Myriam Quemener est magistrat, en charge du Service criminel du Parquet général de Versailles. Elle est l'auteur de « Cybercriminalité, un défi transnational » avec Joël Ferry et de « Cybercriminalité, droit pénal appliqué» avec Yves Charpenel aux éditions Economica.

 

La mission d'information sur la prostitution en France présidée par la députée Danielle Bousquet a rendu le 13 avril dernier un rapport particulièrement attendu par le monde associatif. Si le rôle d'Internet dans le développement de la prostitution y est souligné de façon détaillée, les préconisations de lutte contre ce phénomène sont en-deçà des réalités.
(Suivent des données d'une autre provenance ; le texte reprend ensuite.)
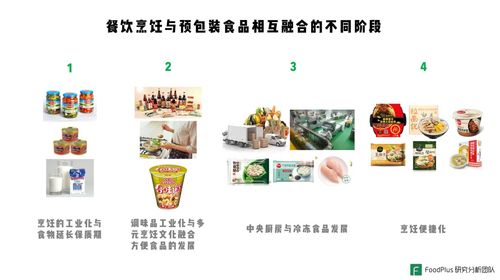 如果餐饮与预包装食品的深度融合是一种未来,中国市场将有什么样的机会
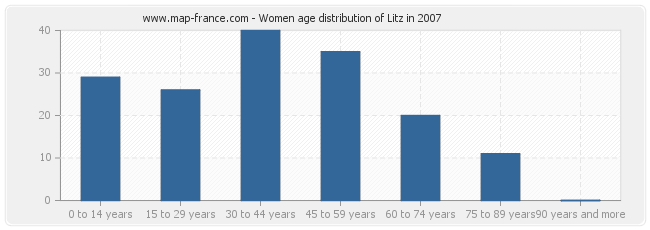 Women age distribution of Litz in 2007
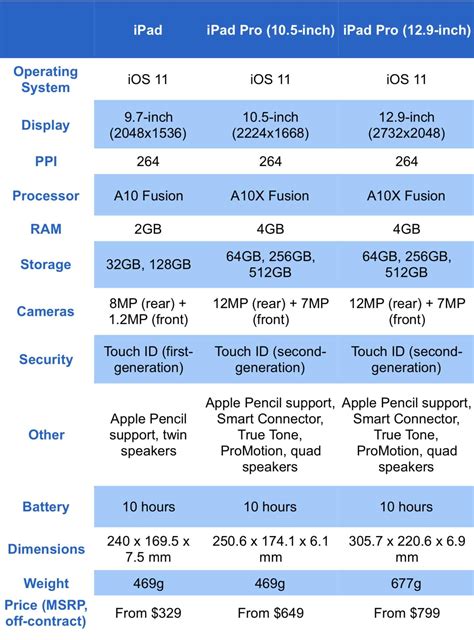 Ipad Differences Chart: A Visual Reference of Charts | Chart Master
Internet présente des avantages importants pour une activité aussi clandestine que la prostitution. La faiblesse des coûts d'accès et de fonctionnement assure une rentabilité maximale à ces activités. La discrétion et l'anonymat garantis aux clients facilitent leur passage à l'acte, mais également celui de certaines personnes prostituées, qui n'auraient jamais envisagé exercer sur la voie publique. Enfin, la possibilité de brouiller les pistes derrière des petites annonces anodines ou des sites de rencontre (par l'utilisation de pseudonymes, de téléphones portables, de sms...) favorise les entreprises criminelles.
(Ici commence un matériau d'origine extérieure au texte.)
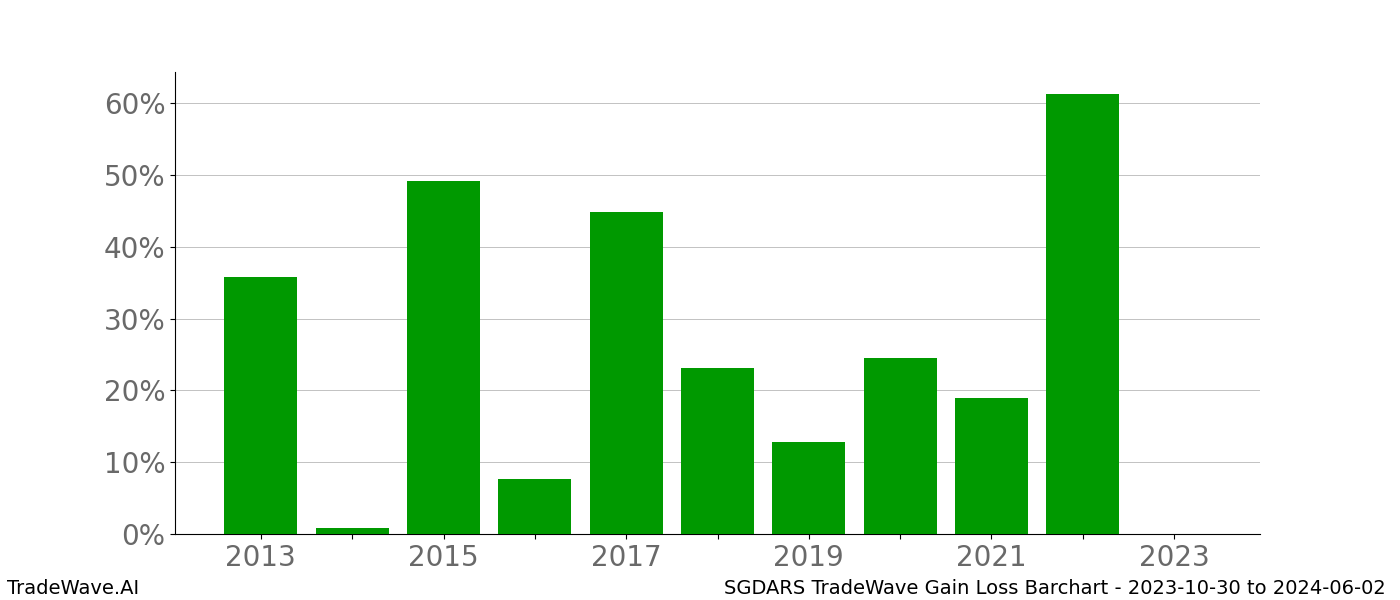 Gain/Loss barchart SGDARS for date range: 2023-10-30 to 2024-06-02 - this chart shows the gain/loss of the TradeWave opportunity for SGDARS buying on 2023-10-30 and selling it on 2024-06-02 - this barchart is showing 10 years of history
Les technologies de l'information et de la communication ont simplifié la mise en relation avec les clients et multiplié les possibilités de contact. Par ailleurs, comme pour les autres activités économiques, l'essor d'Internet a engendré une baisse des coûts. Ceci profite en premier lieu aux réseaux de traite et d'exploitation sexuelle, qui, sans engager de frais importants, peuvent créer un site Internet hébergé dans des «cyberparadis», c'est-à-dire des pays qui n'ont pas de textes répressifs en la matière ou une législation embryonnaire, et l'alimenter en annonces et photographies diverses.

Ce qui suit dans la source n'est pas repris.